I'm guessing that sketch was somewhat based on the 1999 Concept Car which I think gives new meaning to the word *UGLY* in my opinion










So now I'm stumped. Having looked forward to ordering one, I find myself in a situation of whether to wait for the new model year or go ahead with one of the last few 06's out there. Anyone have any info as to what I would end up driving badge wise in the Netherlands? I'm guessing I would get service from an Opel dealership. What kind of issues are most common on the GTO and have they been worked out over the years? Are there any differences between the GTO and Monaro that I should know about? I know the Holden comes standard with the 5.7 whereas the GTO with the 6.0 LS2.

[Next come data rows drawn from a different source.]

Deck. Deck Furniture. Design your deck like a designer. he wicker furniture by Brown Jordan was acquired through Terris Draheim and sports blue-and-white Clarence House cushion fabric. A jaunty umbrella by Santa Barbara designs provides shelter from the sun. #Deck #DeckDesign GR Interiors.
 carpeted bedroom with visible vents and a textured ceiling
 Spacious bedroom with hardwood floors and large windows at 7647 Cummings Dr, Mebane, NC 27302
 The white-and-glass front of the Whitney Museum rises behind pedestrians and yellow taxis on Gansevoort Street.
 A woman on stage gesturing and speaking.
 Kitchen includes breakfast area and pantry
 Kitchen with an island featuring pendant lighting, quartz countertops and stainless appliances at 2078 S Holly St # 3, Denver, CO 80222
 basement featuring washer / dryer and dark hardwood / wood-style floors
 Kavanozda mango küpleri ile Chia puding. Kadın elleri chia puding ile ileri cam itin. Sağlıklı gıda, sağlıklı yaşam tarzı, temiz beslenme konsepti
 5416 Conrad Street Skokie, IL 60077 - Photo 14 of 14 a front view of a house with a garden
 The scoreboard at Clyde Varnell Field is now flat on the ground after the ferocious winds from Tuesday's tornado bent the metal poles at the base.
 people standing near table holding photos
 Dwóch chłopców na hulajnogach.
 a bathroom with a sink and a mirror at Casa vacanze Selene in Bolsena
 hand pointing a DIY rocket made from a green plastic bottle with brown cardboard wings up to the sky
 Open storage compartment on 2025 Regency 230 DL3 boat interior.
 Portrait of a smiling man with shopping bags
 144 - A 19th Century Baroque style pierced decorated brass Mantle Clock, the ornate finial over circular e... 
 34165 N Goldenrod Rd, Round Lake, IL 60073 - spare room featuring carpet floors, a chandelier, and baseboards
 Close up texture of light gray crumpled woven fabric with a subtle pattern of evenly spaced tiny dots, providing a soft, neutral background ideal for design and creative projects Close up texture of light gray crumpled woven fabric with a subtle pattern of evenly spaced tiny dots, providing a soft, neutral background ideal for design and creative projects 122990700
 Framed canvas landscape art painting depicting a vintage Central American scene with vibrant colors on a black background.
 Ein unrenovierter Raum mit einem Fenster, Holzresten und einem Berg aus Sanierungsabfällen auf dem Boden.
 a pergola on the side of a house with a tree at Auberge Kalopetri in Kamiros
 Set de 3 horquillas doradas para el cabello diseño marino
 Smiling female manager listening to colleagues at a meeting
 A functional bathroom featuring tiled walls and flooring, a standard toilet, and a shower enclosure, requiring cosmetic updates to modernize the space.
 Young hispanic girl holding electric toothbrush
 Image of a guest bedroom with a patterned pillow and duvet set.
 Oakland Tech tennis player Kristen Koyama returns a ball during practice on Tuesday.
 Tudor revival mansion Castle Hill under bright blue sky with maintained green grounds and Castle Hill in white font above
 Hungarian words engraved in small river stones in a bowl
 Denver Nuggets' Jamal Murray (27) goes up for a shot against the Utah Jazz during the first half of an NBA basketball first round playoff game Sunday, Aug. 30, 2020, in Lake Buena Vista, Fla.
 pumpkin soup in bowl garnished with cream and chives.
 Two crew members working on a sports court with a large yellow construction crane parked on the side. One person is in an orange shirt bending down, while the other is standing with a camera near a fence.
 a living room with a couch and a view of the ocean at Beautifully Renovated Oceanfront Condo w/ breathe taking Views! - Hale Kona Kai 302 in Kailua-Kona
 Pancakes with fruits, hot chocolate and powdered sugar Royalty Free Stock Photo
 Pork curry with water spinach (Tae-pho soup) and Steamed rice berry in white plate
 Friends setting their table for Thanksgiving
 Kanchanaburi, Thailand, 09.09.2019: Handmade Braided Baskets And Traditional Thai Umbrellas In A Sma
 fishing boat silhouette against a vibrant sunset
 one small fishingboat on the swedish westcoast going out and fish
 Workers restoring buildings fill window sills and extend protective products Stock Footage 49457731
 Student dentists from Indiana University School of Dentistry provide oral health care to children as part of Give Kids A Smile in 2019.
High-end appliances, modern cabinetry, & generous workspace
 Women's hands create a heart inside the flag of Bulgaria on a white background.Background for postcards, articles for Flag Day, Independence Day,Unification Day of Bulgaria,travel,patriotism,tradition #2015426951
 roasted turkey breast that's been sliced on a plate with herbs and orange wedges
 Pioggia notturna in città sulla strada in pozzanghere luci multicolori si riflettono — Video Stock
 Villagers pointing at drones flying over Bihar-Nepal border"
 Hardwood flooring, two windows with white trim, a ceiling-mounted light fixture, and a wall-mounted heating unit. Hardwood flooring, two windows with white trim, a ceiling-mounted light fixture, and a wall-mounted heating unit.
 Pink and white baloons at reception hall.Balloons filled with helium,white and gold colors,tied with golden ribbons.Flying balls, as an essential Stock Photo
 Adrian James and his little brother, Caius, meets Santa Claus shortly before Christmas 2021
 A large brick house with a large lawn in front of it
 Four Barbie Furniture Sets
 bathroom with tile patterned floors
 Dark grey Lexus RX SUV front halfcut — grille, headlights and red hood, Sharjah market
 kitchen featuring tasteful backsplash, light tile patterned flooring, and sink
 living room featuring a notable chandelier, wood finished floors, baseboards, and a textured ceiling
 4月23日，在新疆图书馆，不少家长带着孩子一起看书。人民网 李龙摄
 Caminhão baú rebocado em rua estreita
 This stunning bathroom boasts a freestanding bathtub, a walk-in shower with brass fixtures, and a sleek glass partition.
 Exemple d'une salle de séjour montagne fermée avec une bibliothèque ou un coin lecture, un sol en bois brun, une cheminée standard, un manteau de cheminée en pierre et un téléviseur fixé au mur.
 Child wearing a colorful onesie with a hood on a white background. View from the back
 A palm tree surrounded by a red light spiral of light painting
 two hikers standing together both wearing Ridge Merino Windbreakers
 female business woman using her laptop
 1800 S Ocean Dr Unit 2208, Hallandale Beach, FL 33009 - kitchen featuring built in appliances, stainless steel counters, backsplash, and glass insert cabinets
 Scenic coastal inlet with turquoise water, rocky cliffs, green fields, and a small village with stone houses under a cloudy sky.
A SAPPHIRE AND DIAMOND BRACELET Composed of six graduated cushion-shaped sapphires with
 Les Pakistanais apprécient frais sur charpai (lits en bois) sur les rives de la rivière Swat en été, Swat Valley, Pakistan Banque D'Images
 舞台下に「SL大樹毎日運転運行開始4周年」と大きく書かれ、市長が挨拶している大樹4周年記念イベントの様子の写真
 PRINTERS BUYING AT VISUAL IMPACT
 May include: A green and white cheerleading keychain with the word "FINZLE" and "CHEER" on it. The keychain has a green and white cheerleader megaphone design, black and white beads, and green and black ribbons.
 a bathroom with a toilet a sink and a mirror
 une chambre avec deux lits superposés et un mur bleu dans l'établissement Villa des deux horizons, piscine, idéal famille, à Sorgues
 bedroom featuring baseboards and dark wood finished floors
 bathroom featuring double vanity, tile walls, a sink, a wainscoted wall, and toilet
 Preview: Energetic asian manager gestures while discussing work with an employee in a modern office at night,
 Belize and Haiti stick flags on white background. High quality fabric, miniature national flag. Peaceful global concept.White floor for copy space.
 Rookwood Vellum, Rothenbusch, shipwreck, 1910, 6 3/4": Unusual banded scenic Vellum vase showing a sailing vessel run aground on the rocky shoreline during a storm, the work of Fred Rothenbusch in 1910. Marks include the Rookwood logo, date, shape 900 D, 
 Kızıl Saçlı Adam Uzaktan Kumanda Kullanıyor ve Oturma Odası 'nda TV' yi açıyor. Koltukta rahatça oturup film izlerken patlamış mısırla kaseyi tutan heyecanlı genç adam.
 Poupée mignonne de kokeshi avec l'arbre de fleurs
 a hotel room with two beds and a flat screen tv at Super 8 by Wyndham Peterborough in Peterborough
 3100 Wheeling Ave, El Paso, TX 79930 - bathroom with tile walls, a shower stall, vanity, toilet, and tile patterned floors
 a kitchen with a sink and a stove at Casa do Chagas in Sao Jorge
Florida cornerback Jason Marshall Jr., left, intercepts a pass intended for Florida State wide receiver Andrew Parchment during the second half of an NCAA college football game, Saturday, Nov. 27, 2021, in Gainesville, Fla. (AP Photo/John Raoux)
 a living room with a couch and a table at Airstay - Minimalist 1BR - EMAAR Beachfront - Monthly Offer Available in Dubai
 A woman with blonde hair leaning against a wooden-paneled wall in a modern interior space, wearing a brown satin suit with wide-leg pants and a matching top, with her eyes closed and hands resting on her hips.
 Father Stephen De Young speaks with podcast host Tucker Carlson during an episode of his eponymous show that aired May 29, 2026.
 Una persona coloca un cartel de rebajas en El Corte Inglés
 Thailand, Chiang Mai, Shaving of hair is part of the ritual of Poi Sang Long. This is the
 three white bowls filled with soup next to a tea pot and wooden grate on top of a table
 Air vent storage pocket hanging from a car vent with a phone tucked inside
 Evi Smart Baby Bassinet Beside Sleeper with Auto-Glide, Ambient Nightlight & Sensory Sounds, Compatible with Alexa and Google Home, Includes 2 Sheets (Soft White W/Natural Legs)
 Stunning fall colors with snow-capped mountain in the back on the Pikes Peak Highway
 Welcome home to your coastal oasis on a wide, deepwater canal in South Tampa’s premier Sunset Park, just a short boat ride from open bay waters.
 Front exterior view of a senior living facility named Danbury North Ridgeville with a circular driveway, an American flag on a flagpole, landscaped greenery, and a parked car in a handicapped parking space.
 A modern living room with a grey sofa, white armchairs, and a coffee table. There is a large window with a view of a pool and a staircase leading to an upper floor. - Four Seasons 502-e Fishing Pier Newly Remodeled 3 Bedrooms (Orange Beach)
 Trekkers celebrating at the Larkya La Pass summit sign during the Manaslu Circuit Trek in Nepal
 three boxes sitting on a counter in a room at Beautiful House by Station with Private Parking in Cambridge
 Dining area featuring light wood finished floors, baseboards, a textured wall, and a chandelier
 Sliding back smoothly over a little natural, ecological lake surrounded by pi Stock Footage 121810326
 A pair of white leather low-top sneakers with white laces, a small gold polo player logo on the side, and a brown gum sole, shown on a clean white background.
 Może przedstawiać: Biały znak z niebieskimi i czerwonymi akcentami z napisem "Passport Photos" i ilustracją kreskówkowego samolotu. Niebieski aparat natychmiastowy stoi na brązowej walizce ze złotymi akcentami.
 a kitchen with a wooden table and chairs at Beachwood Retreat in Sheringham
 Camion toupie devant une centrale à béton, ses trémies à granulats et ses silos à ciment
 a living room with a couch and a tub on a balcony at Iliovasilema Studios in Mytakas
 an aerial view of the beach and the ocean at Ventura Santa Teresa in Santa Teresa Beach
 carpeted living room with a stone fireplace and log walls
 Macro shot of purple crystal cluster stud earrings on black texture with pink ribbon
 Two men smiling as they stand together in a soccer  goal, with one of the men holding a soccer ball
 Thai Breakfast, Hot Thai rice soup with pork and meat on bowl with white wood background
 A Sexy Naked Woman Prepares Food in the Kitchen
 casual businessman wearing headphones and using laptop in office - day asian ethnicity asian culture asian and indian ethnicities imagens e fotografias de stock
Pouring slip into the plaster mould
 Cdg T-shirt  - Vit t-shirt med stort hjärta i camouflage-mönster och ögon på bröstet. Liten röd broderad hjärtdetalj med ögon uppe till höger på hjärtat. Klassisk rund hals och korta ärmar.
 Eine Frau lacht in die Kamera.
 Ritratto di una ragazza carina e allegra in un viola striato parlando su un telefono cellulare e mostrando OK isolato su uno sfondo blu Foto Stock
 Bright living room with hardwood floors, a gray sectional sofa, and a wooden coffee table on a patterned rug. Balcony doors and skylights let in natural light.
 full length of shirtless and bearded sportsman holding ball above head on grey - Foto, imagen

Any comments, feedback, news will be very appreciated
Thanks!


----------



## TexasAggie (Mar 2, 2005)

Not too much help, but I'm paying cash for an '06 next year. I'll never finance again and the GTO as it is currently suits my "toy factor"....next to the boat! Since there's no real evidence an '08 will ever come to fruition, get the '06. Besides, the first year of a newer model typically has problems anyways. :cheers


----------



## PEARL JAM (Sep 6, 2005)

Even if you do find a model you like, will it pass the safety regulations of your country? If not, you may not be allowed to register it. When the Manaro was sold here in the States as the GTO the fuel tank had to be moved from the lower rear of the car to the trunk to pass our safety standards. As for an 07 or 08 model, who knows? If G.M. knows, they're not saying mutch.(to my knologe) Good luck,though! :cool 04 Yellow m6


----------



## Barry (Sep 13, 2005)

Generally it is much easier to import cars into Europe, or specifically Holland, than it is to import into the US. The US has some of the weirdest regulations I've ever heard of. Sure over here we have laws like pedestrian safety which seems to be making its way over the US.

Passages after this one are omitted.